Now generally speaking the putting stroke should be one of the simplest mechanical movements we make in a game of golf. It's nothing like a full swing or even a chip or pitch shot. It's a very, very simple action. The club only moves a couple of inches backwards and forwards very few moving parts within the body. It should be the easiest thing to do. But as any golfer will tell you, it's possibly the hardest thing we do and certainly the most frustrating thing we do, and quite often is the difference between a good golfer and a higher handicap golfer.
So if the stroke is so simple, then why is putting so difficult? And more importantly how can we improve it? So one of the first things I'd like to think about when you've got a reasonable putting stroke is do a lot of drills, a lot of practice drills. So these drills might be the stuff that you can just do in the house. You don't even need to go to the golf club or the driving range to practice. But distance control drills, alignment drills, holding out drills, any of those sort of things you can practice on a regular basis should help ingrain the correct strokes that becomes more natural rather than having to think too much about it.
The next thing we're going to try and do is use good visual imagery, so good pictures of the brain. So I am aligning up to look at a put, we’re visualizing the ball going in. We’re visualizing the ball rolling along the right line, along the right distance, picturing how it curves, picturing the success of the ball going in. Then as we set up to the put, hopefully we can still have that visual imagery in our brain as we hit the put. Imagery and putting is probably as if not more important than anything else out on the golf course, certainly more important than visual imagery and all the shots because we've got this image of the ball going in. We’ve got a very black and white success or failure here. Either it goes in or it doesn't.
So if you can picture the ball going in, picture the ball curving into the hole that would be fantastic. The next thing we're going to have a look at with improving your putting is just going to be having to find your natural tempo, your natural rhythm, your natural cadence. We’ll often find that golfers are always told to slow down and swing easy. But that's not always the case if you're a person that has a very quick rhythm to your general life.

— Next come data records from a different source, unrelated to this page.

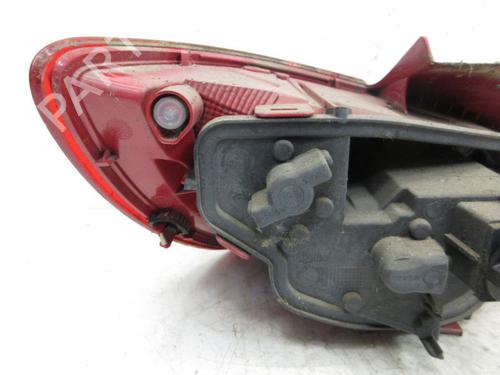 Right taillight SEAT IBIZA IV (6J5, 6P1) 1.2 | BP19531519C35 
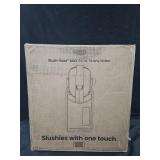 Chefman Slush-Ease Slushy Maker. Not tested or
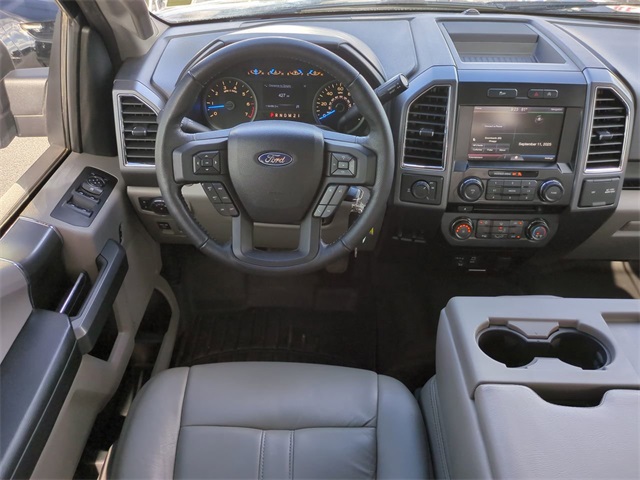 2015 Ford F-150 XLT photo 15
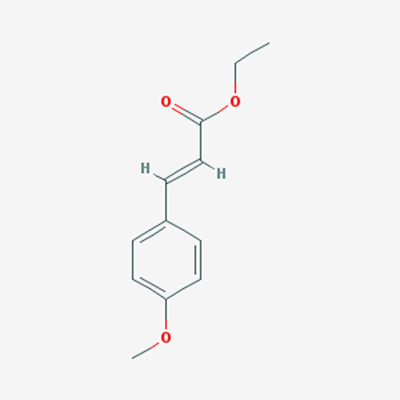 Picture of Ethyl 4-methoxycinnamate(Standard Reference Material)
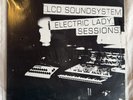 LCD SOUNDSYSTEM Electric Lady Sessions  VINYL LP  *new *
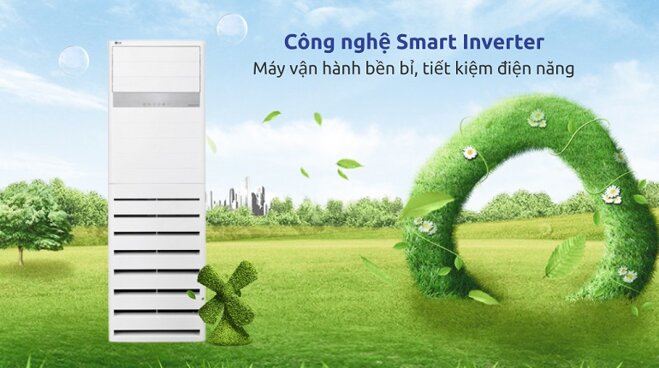 Điều hòa LG Inverter ZPNQ48LT3A0 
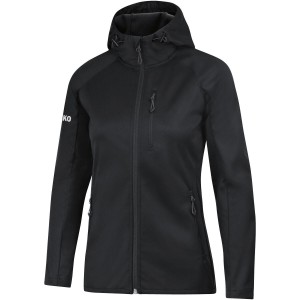Kurtka Jako femme softshell light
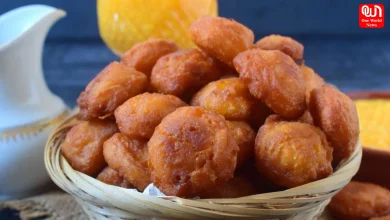 Taler Bora Recipe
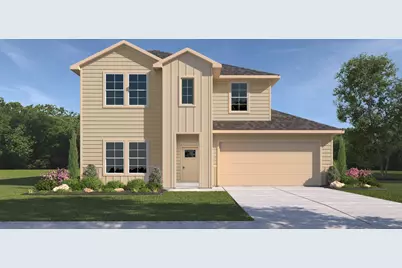 413 Honey Locust Drive, Josephine, TX 75173 - Photo 1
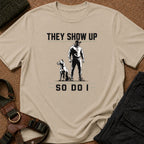 So Do I Tee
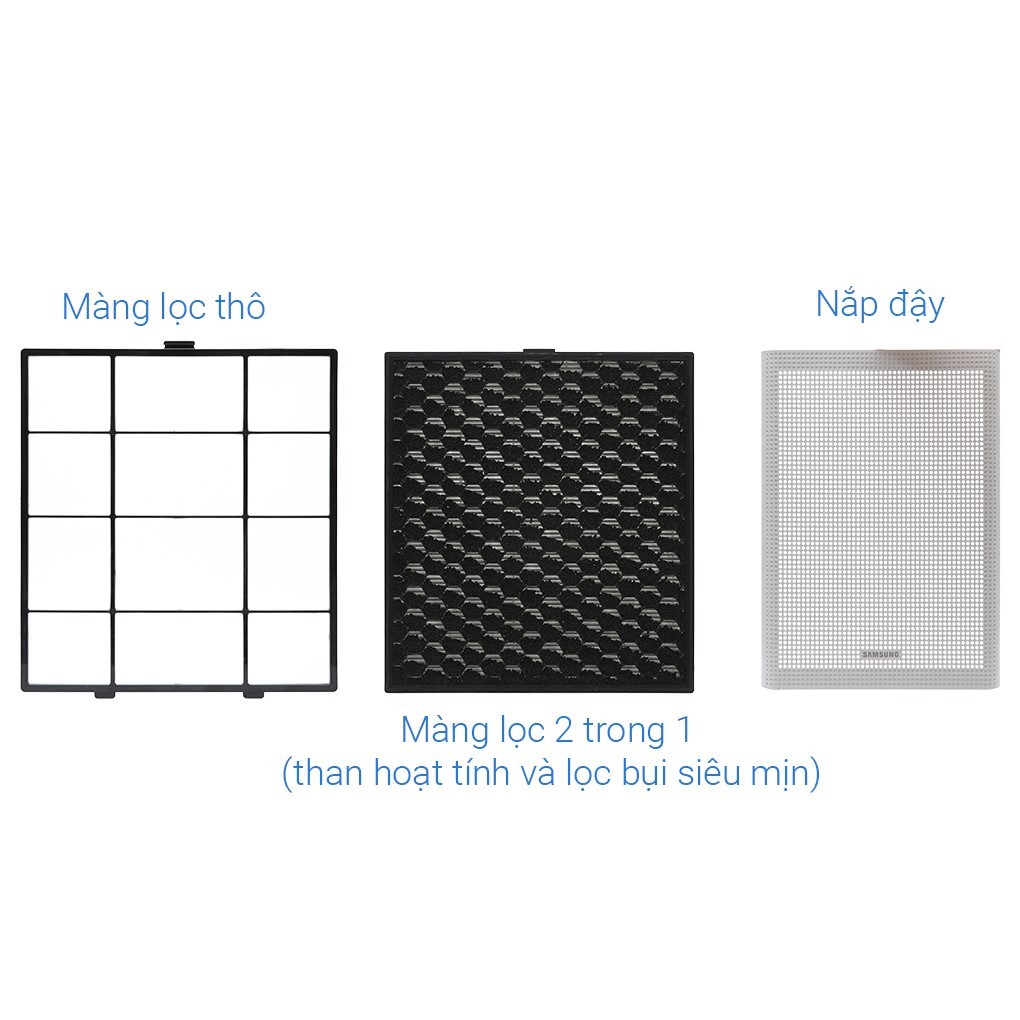 Máy lọc không khí AX32BG3100GB 320㎥/h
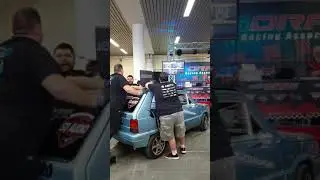 Street stock 5k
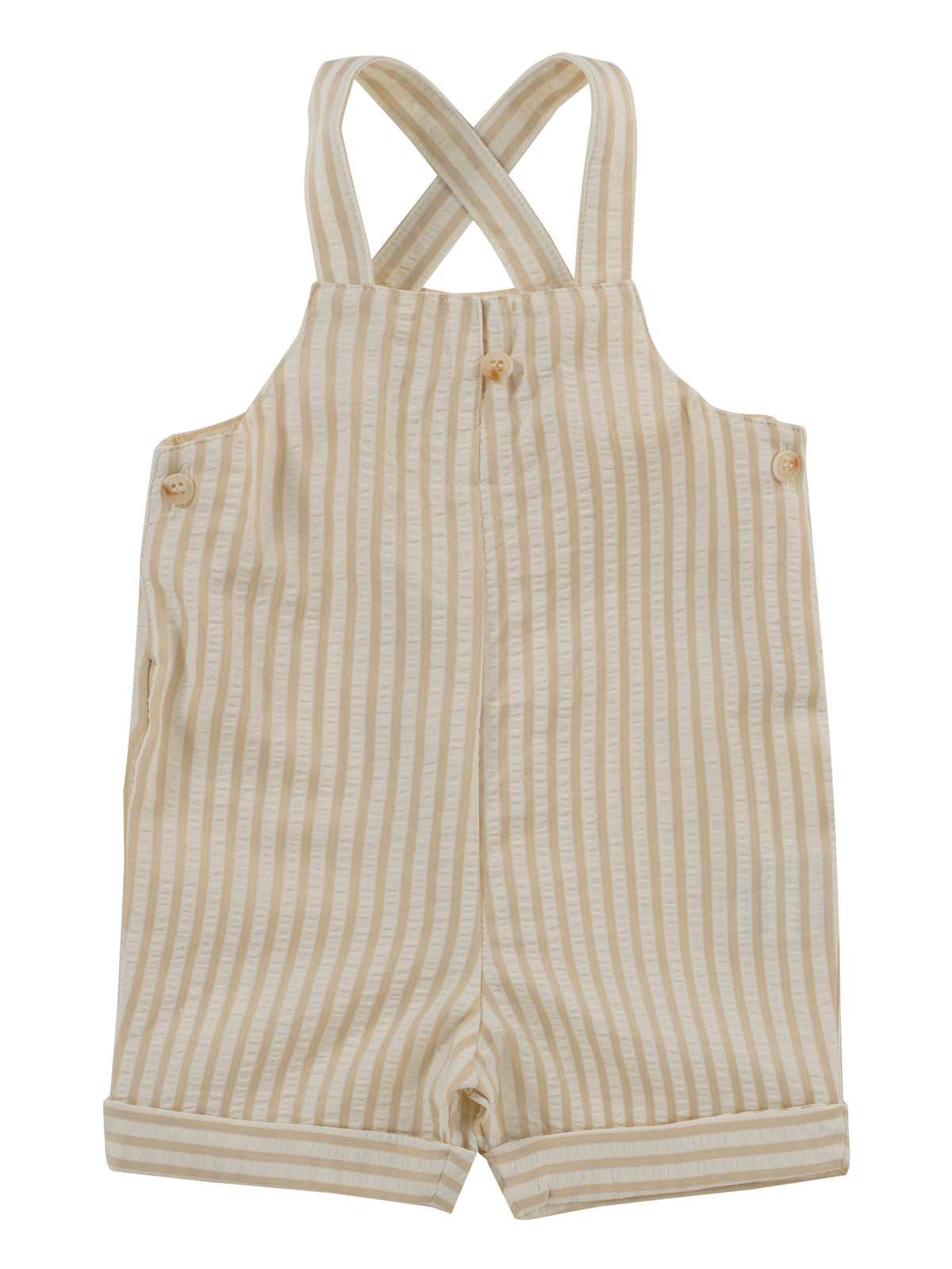 KIPP LENOX OVERALL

If you talk fast, walk fast, if you get set up to the golf ball quickly and then try and slow down, that can sometimes upset your natural rhythm. So particularly in putting, the distance control is all about the rhythm back and through. And somebody like myself, I have quite a long slow rhythm. I don't hit the ball particularly with a short stubby stroke. It's quite a long, smooth stroke. That doesn't advocate hitting the ball any harder or any softer. It just means I've got a quite a slow rhythm.
For some people they might have a little bit of a jerky, stubby rhythm. Now it's not necessarily for me to say what's better or what's worse. It's what works for yourself. What I would suggest is you try all this out. So you spend a bit of time on the putting green trying long, smooth strokes. So not hitting the ball longer or shorter, maybe we’ve got a ten-foot putt. But we could hit a ten-foot putt with that stroke or we could do a ten foot putt with that stroke. Both balls would go the same distance.
One would be long and languid and slow. And one would be a little stubby jab to the whole. Practice, maybe have three or four parts with each different tempo with longer putt, shorter putt, different tempos. Work out what suits you and then stick to that. Don't be put off by that just because you read a magazine article that said do something differently or somebody on the TV said do something different. Stick to that natural rhythm. So improve your putting by improving your tempo, lots of practice drills and good mental imagery of the ball going into the hole. And hopefully that will improve your putting without necessarily changing your stroke mechanics.